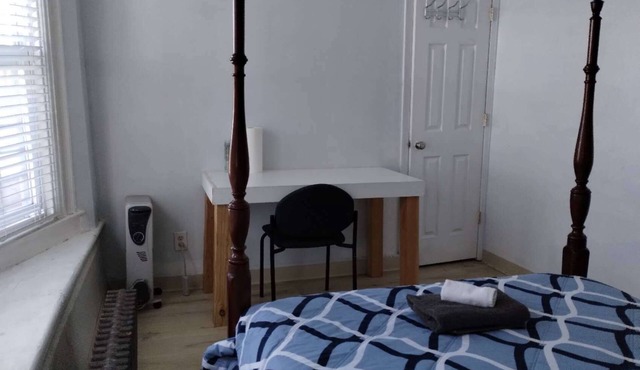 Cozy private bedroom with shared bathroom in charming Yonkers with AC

********

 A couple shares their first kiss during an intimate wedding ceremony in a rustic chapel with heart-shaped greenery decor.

********

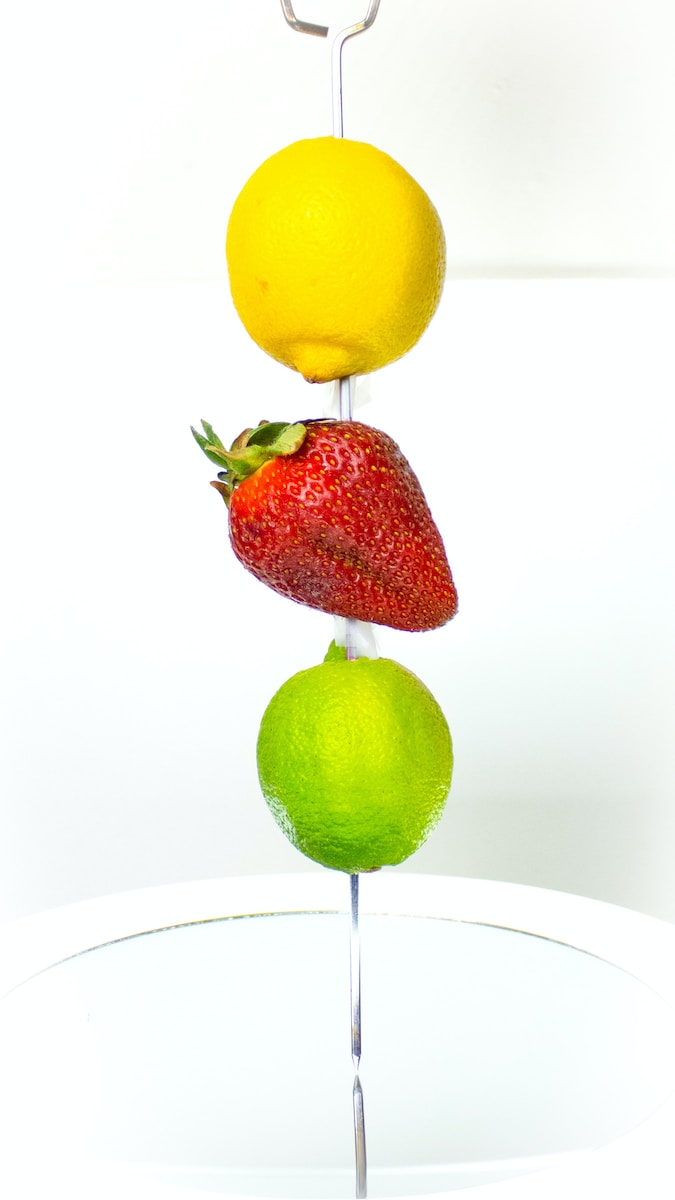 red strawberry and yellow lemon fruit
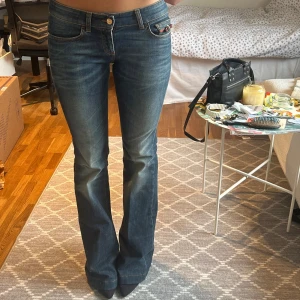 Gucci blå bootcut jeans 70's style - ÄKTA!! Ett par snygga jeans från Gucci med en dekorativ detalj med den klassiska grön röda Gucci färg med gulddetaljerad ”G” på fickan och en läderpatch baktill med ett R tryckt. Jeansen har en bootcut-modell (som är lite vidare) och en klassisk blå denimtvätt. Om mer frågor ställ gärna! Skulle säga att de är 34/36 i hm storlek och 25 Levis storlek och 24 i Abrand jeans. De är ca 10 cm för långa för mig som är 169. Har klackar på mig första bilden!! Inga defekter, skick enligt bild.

********

Exact repeat of the material above: every line from the one with "red strawberry and yellow lemon fruit" through the one with "Gucci blå bootcut", endpoints included, and nothing more. No pictures.

▶ _Output_:
 red strawberry and yellow lemon fruit
 Gucci blå bootcut jeans 70's style - ÄKTA!! Ett par snygga jeans från Gucci med en dekorativ detalj med den klassiska grön röda Gucci färg med gulddetaljerad ”G” på fickan och en läderpatch baktill med ett R tryckt. Jeansen har en bootcut-modell (som är lite vidare) och en klassisk blå denimtvätt. Om mer frågor ställ gärna! Skulle säga att de är 34/36 i hm storlek och 25 Levis storlek och 24 i Abrand jeans. De är ca 10 cm för långa för mig som är 169. Har klackar på mig första bilden!! Inga defekter, skick enligt bild.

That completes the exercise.